"""

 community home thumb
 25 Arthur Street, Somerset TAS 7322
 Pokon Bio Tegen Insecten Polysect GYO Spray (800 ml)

"""

== Task directions ==
Copy task. Give back the whole listing exactly as written.

== Response to the exercise ==
 community home thumb
 25 Arthur Street, Somerset TAS 7322
 Pokon Bio Tegen Insecten Polysect GYO Spray (800 ml)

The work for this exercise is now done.